Last-Iterate Convergence Properties of Regret-Matching Algorithms in Games

Yang Cai,Gabriele Farina,Julien Grand-Clément,Christian Kroer,Chung-Wei Lee,Haipeng Luo,Weiqiang Zheng
2023-11-02
Abstract:Algorithms based on regret matching, specifically regret matching$^+$ (RM$^+$), and its variants are the most popular approaches for solving large-scale two-player zero-sum games in practice. Unlike algorithms such as optimistic gradient descent ascent, which have strong last-iterate and ergodic convergence properties for zero-sum games, virtually nothing is known about the last-iterate properties of regret-matching algorithms. Given the importance of last-iterate convergence for numerical optimization reasons and relevance as modeling real-word learning in games, in this paper, we study the last-iterate convergence properties of various popular variants of RM$^+$. First, we show numerically that several practical variants such as simultaneous RM$^+$, alternating RM$^+$, and simultaneous predictive RM$^+$, all lack last-iterate convergence guarantees even on a simple $3\times 3$ game. We then prove that recent variants of these algorithms based on a smoothing technique do enjoy last-iterate convergence: we prove that extragradient RM$^{+}$ and smooth Predictive RM$^+$ enjoy asymptotic last-iterate convergence (without a rate) and $1/\sqrt{t}$ best-iterate convergence. Finally, we introduce restarted variants of these algorithms, and show that they enjoy linear-rate last-iterate convergence.
Computer Science and Game Theory,Machine Learning
What problem does this paper attempt to address?
The problem that this paper attempts to solve is related to the last - iterate convergence of the Regret Matching (RM+ ) algorithm and its variants in games.
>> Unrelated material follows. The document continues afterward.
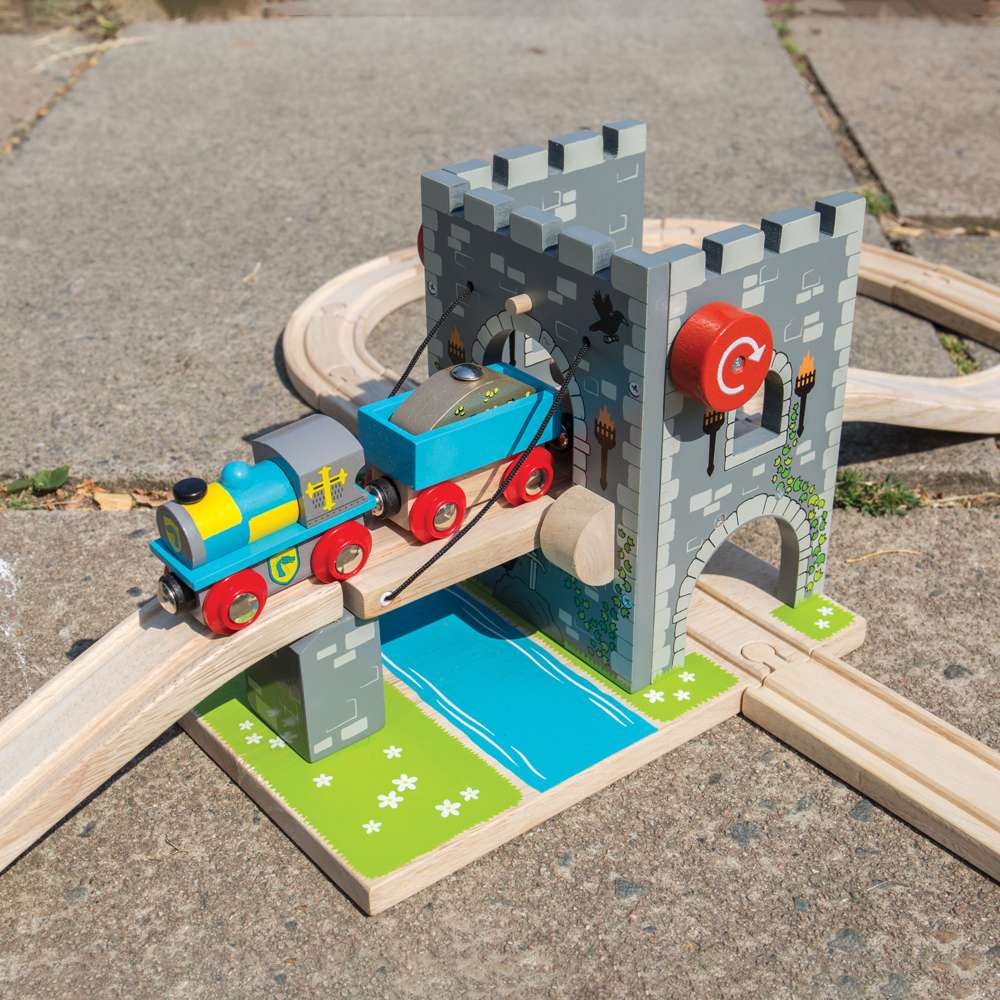 Draw Bridge Train Drawbridge | Wooden Train Set Accessories | Bigjigs Toys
Specifically, the research objectives include: 1. **Explore the last - iterate behavior of existing RM+ and its variants**: The paper shows through numerical experiments that several popular RM+ variants (such as Simultaneous RM+, Alternating RM+ and Predictive RM+ ) lack last - iterate convergence in simple 3×3 games. 2. **Prove the last - iterate convergence of specific RM+ variants**: The paper proves that recently proposed RM+ variants based on smoothing techniques (such as Extragradient RM+ and Smooth Predictive RM+ ) have last - iterate convergence. Specifically: - ExRM+ and SPRM+ have asymptotic last - iterate convergence (without rate). - The optimal iteration convergence rate is \( O\left(\frac{1}{\sqrt{t}}\right) \). 3. **Introduce a restart mechanism to achieve a linear convergence rate**: The paper introduces restart variants (such as Restart ExRM+ and Restart SPRM+ ) and proves that these variants can achieve a linear last - iterate convergence rate. ### Main problem summary The core problem of this paper is to explore and verify the last - iterate convergence properties of RM+ and its variants when solving zero - sum games. Compared with traditional algorithms such as gradient descent - ascent, RM+ and its variants are very popular in practical applications, but there is less theoretical understanding of their last - iterate convergence. Therefore, this paper aims to fill this theoretical gap and propose improved algorithm variants to ensure better convergence performance. ### Key contributions 1. **Numerical evidence**: Provide numerical evidence that RM+ and its important variants (such as Alternating RM+ and Predictive RM+ ) may not asymptotically converge in the last - iterate. 2. **Theoretical proof**: Prove the asymptotic last - iterate convergence of ExRM+ and SPRM+ and give the convergence rate of the optimal iteration. 3. **Restart mechanism**: Propose ExRM+ and SPRM+ under the restart mechanism and prove their linear last - iterate convergence rate. 4. **Positive results under strict assumptions**: Prove that under the restrictive conditions of strict Nash equilibrium, RM+ does have last - iterate convergence. Through these works, the paper provides an important theoretical basis and practical guidance for understanding and improving regret - matching - based algorithms.